KISSIMMEE, Fla. -- Astros center fielder Jordan Schafer is expected to be out of action at least a couple of more days to give the nerve injury in his left hand more time to heal. An examination by a hand specialist in Atlanta on Tuesday showed no major damage to the hand, which Schafer injured March 18 making a diving catch.
"For a couple of days, I'm just going to relax and let it settle down a little bit," Schafer said. "They said everything should be good. They said nothing was seriously wrong and that I just needed a little bit of rest. We'll be good to go here shortly. The main goal is to be ready on [Opening Day on April 6]. Obviously, I'd like to get some at-bats down here, and hopefully I can before the season starts."

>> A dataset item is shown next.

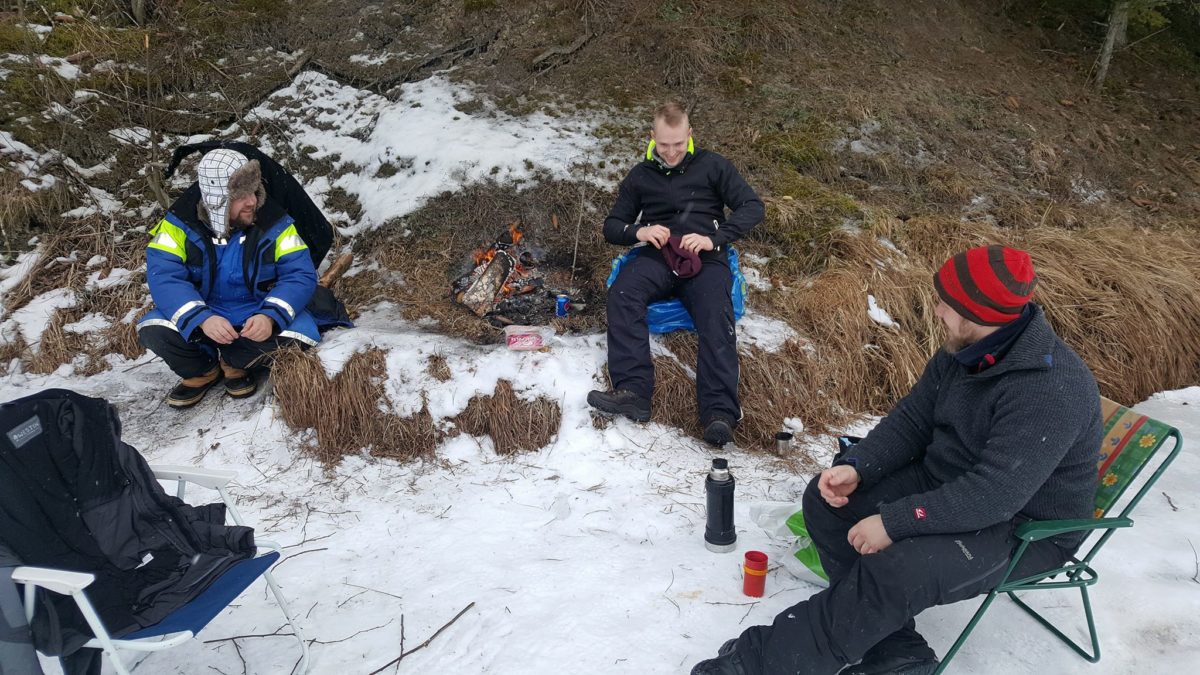 Rykende fersk rapport. Storeslem dag på glomma isen idag.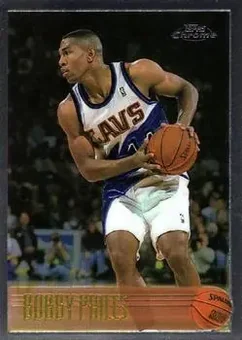 1996-97 Topps Chrome #68 - Bobby Phills - Cleveland Cavaliers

Schafer has been limited to only 23 at-bats this spring, but has nine hits. Schafer took batting practice over the weekend, but admits he did too much too soon.
"The one day if felt really good and it was a little sore the next day, and the next day after that it was sore once again," he said. "I just need to give it a little time. You have to let that nerve calm down and I'll be good."
Schafer, acquired from the Braves as part of the Michael Bourn deal a year ago, is pegged as the Astros' starter in center field.
Lowrie sprains thumb on dive into second
KISSIMMEE, Fla. -- Astros shortstop Jed Lowrie suffered a sprained right thumb diving into second base in the third inning of Wednesday's game against the Marlins at Osceola County Stadium. It's unclear how long he'll be out of action.
Lowrie, who has been hampered by injuries in his career, led off the third inning with a single and was picked off on a throw from the pitcher. Lowrie dived back into the bag, but jammed his thumb into Marlins second baseman Omar Infante, who blocked the base as he reached for the throw.
"Hopefully it's ice it a couple of days and I'm back out there," Lowrie said. "I'm going to go with that until they tell me otherwise. It's stupid with five days left in Spring Training. I don't think there's any reason to block a base at any time, particularly at this time. I don't think he's trying to hurt me, but he's a middle infielder. Stupid injuries like this happen when you block bases. Hopefully it's nothing."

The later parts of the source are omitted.